Hundreds of people objected to the proposed development of 16 light industrial units on a site close to Kings Avenue and Extons Place in Lynn.
But West Norfolk councillors overwhelmingly approved the scheme at a planning meeting this morning, following a visit to the site.
And opponents say they now fear a precious green space for residents and a vital habitat for wildlife will now be lost forever.
Following the meeting, resident Kerron Abel thanked what he said were the 700 people who had opposed the plan.
But he added: “They haven’t been listened to. This (country) is supposed to be the mother of democracy, but it’s not. We haven’t seen democracy carried on today.”
Penny Philpotts, who had earlier urged committee members not to “sacrifice” the land, said: “We’re not against industry. We want King’s Lynn to be a successful town.
“But you don’t need to use greenfield land. It’s very sad they have chosen to permit this.”
Committee members voted 12 to three to accept officials’ recommendation to approve the scheme.
A proposal by committee member Andrew Morrison, calling for the application to be deferred because of concerns over the number of vacant units currently available in the town, had earlier been defeated.
Ahead of the meeting, officials had argued that the proposals would promote economic growth, while the planned reduction in the number of units from 19 to 16, plus landscape buffer zones between the site and neighbouring properties, would mean there was no significant impact on residents.
But ward councillor John Collop, who spoke in support of residents, said: “They (the committee) have made a very bad decision.”
Objectors claim they are already experiencing disturbance from industrial operations on the nearby Hardwick industrial estate. Access to the application site is intended to be via an existing entrance off Rollesby Road.
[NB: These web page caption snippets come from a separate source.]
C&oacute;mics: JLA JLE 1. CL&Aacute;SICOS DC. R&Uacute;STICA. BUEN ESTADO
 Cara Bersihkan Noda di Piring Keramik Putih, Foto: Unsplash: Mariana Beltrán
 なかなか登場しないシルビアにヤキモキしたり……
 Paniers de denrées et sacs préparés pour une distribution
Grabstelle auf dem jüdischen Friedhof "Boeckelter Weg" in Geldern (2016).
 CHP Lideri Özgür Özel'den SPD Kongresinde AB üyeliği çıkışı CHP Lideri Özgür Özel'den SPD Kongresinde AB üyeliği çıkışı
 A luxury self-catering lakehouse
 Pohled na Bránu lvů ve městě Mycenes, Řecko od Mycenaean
They argue the proposal, submitted by Apex Platinum Investments Ltd, was not needed because of the number of existing units that are vacant and the proposals for new developments such as those planned in the Nar Ouse Regeneration Area.
They also claim that the site has become a key habitat for wildlife, as well as providing a vital amenity for elderly and ill residents who are unable to access other green sites elsewhere.
The latter point was echoed by committee member Terry Parish, who seconded Mr Morrison's proposal for a deferral.
He argued there was "no need" to allow the application to proceed at this stage, adding: "This is a greenfield site. We should not be building on it until it is absolutely necessary and it's not necessary."
Concerns were also raised about whether the council would end up maintaining a drain which runs through the site.
But officers said the argument about the number of existing vacant units could not be sustained as it would not apply in a situation where new housing was proposed.
Planning director Geoff Hall said members had to decide whether to prioritise protecting the land as it is or the plan's potential for economic growth.
He said questions over the council's ownership of the land were not relevant to the decision, adding: "The issue is whether this is a sustainable use of the site or not."